Once we settled in, with Jules free of the hitch, we figured we might as well take a little drive – and we’re glad we did! On my last post, I included a photo of a train crossing a looooong trestle over the Snake River, about a dozen miles from the campground. We could see on our map that Palouse Falls State Park was not too far past the trestle, so we kept driving. Just before we gave up and turned around, we found the state park turn off. Two miles down an oiled dirt road, we found a parking lot – and an incredible sight in this arid, arid, land: a massive, 180’ waterfall!
We couldn’t believe it – totally awe-inspiring, particularly with the unusually high snowmelt this year. It was thunderous! Even more amazing, a crazy kid has gone over this fall in a kayak, setting a world record! You can see it here (the video is about 3 1/2 minutes long):
We left our campground early the next morning, hoping to arrive in Wenatchee before the hottest part of the forecast 90 degrees. I was glad we had decided to take these small back roads through the remote reaches of Eastern Washington, avoiding the Tri-Cities area and the major highways, as the scenery was unusual and dramatic (and, of course, is now on the “Return in the Right Season” list). Once again, we crossed the Snake River, than climbed out of the canyon into the rolling hills of the Palouse – still arid, but the desert here has been tamed by irrigation. Now, this is wheat country.
Before long, we picked up a wider road, then a wider and straighter road, then a major highway – and a long, long descent down to the Columbia River towards Wenatchee. Even with a fuel stop, we rolled into Wenatchee River County Park (click here to read our review) before 1 pm check-in time (in fact, a little before the 12 noon check-OUT time). Happily, our site was empty so we pulled right in.
The park was a green oasis on a hot day, but we had chores to do – namely, a trip to Costco. Before we did that, I caught up a bit on the internet, sending an email off to our friends Jim and Diane in Chelan, 60 miles away, and following up on a comment on my campground review of Tucannon River RV Park. Then, off we went.
And it was HOT!
With the temperature pushing 90 when we got home, we took it easy, had a light dinner and then… along came a breeze, then a wind – and with it, a 20 degree drop in temperature in about 30 minutes. Turn off the A/C! Open the windows! By around 7:30, I had my toes buried deep in my fluffy slippers as I read… NICE!

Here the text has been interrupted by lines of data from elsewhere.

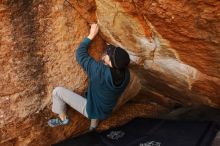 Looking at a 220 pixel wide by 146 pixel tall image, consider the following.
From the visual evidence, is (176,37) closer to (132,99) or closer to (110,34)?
(110,34)

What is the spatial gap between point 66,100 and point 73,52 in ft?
1.56

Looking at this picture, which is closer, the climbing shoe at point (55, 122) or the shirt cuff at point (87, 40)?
the shirt cuff at point (87, 40)

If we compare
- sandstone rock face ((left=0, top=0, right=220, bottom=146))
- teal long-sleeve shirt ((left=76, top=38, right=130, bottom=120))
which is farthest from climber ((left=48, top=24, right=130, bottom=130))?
sandstone rock face ((left=0, top=0, right=220, bottom=146))

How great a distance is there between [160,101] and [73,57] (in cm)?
131

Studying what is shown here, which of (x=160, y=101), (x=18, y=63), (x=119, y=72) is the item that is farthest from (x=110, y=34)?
(x=160, y=101)

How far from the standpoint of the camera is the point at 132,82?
14.6 feet

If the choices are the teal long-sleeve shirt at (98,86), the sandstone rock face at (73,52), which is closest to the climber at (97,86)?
the teal long-sleeve shirt at (98,86)

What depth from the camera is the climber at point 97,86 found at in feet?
11.6

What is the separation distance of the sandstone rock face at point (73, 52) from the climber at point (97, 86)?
131 mm

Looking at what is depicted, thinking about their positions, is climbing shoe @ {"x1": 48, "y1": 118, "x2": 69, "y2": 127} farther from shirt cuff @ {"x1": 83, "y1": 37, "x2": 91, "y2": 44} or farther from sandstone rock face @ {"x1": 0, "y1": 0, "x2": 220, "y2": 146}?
shirt cuff @ {"x1": 83, "y1": 37, "x2": 91, "y2": 44}

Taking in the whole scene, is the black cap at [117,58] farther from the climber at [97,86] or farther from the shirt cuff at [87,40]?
the shirt cuff at [87,40]

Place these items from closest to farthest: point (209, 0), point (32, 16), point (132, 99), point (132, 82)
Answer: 1. point (209, 0)
2. point (32, 16)
3. point (132, 82)
4. point (132, 99)

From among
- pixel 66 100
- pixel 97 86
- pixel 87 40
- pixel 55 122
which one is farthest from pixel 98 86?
pixel 55 122

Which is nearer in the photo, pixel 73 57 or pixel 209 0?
pixel 209 0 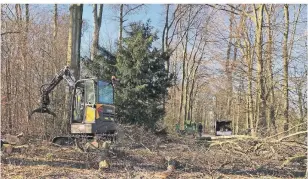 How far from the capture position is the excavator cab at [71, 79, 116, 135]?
11.9 meters

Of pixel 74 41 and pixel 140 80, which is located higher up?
pixel 74 41

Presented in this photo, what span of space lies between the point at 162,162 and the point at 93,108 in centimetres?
423

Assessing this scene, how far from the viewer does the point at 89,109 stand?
39.2 feet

Friday morning brought a wonderful surprise: an email from Vladimir and Susan inviting us to dinner at their cabin 15 miles up the road from our campsite. Vladimir and I connected on the internet when he left a comment on my campsite blog, and he had offered helpful advice about the area we are planning to travel when I posted some questions on the Escapee Forums. We quickly took them up on the offer to visit for dinner – heck, yes - then headed off for a walk along the Columbia River and a few more urban errands (Safeway and Target).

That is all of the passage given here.